As I sat down to write this and explain what caused this very painful incident, I searched my brain for a reason and probed my mind for what I did wrong that caused this to happen. I can now tell you without a doubt, I still don’t know how this happened.
The following is an account in pictures and words of what actually happened to me on March 6, 2008. Keep in mind I did have somebody launching me and holding the rear of the plane although this re creation does not show that.
I used my electric starter to start the plane. I quit back flipping and hand starting a long time ago after getting “bit” and bruised so many times.After the OS 46 LA started, I needed to adjust the needle valve, so like I have done so many times before, I walked around behind the prop as the next picture shows.
I adjusted the needle valve and then reached down with my right hand to release the glow starter as shown in the next two pictures.
For a split second I lost concentration and put my left thumb into the spinning prop. The following pictures show the wound right before the stitches were taken out, and the x ray showing where the prop cut the bone. This was classified as an open fracture since the bone was also damaged.

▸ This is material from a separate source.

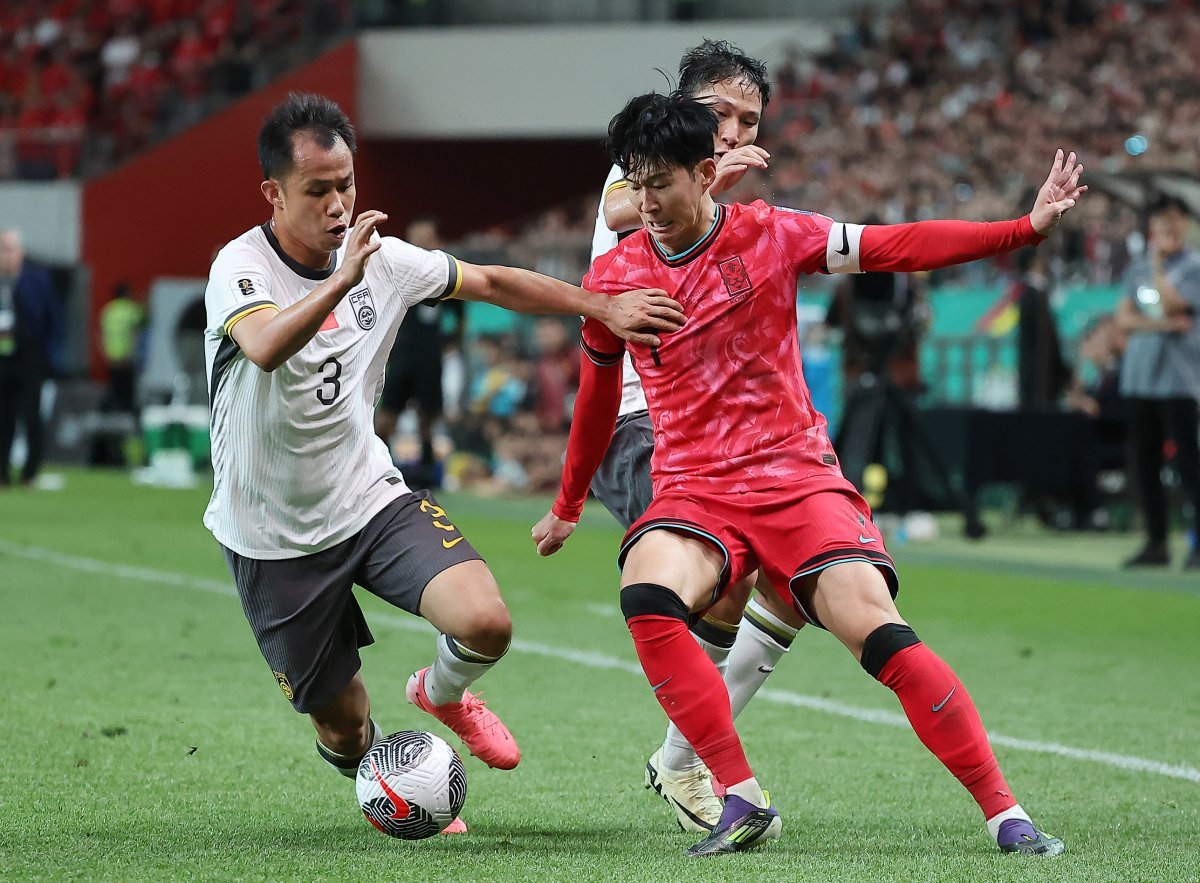 11일 오후 서울 마포구 상암동 서울월드컵경기장에서 열린 2026 북중미 월드컵 아시아 2차 예선 조별리그 C조 6차전 대한민국과 중국의 경기 후반전, 대한민국 손흥민이 중국 수비수들의 마크를 피해 돌파하고 있다. 2024.6.11 뉴스1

This was the result after spending 6 hours in the emergency room. It took 2 hours to get me out of the waiting room and another 4 hours to get the doctor in to suture it and then discharge me. The ER doc asked me if I had gotten my thumb caught in a chain saw if was mangled so badly. We didn’t take any pictures of it before it was sewn up due to the nausea factor on my part. The orthopedic doctor who put the cast on said I was very lucky to still have my thumb. I will not know for some time how much use I will have of it.If there is any lesson to be learned here it is once that engine is on, take nothing for granted. Even though you have done this hundreds of times, act like it is the first and have a great respect for something throwing around an equivalent of a #11 exacto blade at thousands of RPMs. I will also paint my prop tips as soon as my hand allows.
Ours is a wonderful sport and hobby and since a whole lot of us are not spring chickens anymore, we have to make it a point to remember where our body parts are at any given time in relation to our decreasing reflex time and increasing senior moments. I have no idea what that last sentence meant but it sounded good…….didn’t it.
Mike Griffin
Georgia Aircraft Modelers Association.